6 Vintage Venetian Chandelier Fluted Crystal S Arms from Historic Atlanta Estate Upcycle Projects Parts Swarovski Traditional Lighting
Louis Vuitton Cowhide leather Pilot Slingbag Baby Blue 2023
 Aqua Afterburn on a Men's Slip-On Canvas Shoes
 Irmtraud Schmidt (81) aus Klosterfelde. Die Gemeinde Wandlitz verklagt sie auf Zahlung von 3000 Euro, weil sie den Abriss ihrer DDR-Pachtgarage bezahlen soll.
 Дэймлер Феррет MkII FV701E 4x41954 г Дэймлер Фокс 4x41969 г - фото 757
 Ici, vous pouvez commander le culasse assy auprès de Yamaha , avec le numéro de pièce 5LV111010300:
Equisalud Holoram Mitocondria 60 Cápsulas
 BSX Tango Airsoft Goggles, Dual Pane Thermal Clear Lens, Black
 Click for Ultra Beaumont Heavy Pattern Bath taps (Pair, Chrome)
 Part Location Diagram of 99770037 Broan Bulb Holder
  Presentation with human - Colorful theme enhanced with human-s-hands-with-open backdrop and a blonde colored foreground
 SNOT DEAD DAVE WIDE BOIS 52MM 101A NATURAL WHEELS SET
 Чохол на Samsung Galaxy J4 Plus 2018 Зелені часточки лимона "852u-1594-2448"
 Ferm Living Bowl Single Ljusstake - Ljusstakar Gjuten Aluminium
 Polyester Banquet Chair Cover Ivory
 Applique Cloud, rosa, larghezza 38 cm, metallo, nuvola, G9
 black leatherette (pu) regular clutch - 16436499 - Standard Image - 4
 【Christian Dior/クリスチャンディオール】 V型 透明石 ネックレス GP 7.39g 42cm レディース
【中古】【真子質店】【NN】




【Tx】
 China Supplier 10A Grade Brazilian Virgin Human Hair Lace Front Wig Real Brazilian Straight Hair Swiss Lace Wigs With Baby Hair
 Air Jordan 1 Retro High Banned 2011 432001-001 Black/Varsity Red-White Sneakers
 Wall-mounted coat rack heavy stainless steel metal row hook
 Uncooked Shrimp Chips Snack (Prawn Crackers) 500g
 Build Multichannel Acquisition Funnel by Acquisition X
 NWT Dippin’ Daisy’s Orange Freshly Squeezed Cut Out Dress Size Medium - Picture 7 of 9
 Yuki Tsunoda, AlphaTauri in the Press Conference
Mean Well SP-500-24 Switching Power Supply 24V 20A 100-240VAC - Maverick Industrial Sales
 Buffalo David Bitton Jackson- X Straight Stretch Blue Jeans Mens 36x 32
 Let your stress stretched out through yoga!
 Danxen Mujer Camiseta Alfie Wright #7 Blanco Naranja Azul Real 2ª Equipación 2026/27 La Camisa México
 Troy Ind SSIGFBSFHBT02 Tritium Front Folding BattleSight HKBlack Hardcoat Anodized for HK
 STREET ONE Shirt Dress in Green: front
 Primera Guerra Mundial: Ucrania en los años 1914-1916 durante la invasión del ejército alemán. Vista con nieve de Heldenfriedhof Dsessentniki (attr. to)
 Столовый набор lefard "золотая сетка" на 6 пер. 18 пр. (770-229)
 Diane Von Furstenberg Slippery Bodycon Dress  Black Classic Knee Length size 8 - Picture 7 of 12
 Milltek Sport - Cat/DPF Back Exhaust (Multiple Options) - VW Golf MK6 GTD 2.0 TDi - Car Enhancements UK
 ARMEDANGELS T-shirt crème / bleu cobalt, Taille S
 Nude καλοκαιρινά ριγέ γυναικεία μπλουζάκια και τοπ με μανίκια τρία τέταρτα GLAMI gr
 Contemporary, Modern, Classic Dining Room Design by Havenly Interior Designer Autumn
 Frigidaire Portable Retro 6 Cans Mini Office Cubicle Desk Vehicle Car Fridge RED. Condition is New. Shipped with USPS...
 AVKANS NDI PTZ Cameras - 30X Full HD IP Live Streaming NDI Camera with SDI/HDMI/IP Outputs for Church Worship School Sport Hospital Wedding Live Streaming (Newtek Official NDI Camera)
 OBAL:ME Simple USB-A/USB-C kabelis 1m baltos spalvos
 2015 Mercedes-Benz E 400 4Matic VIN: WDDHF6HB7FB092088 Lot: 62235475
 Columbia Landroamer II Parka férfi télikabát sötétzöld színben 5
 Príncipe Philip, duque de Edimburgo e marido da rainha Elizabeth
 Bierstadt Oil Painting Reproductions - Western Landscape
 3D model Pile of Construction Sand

---------------

Look through the material for "Dress". Copy each line that has it.

 NWT Dippin’ Daisy’s Orange Freshly Squeezed Cut Out Dress Size Medium - Picture 7 of 9
 STREET ONE Shirt Dress in Green: front
 Diane Von Furstenberg Slippery Bodycon Dress  Black Classic Knee Length size 8 - Picture 7 of 12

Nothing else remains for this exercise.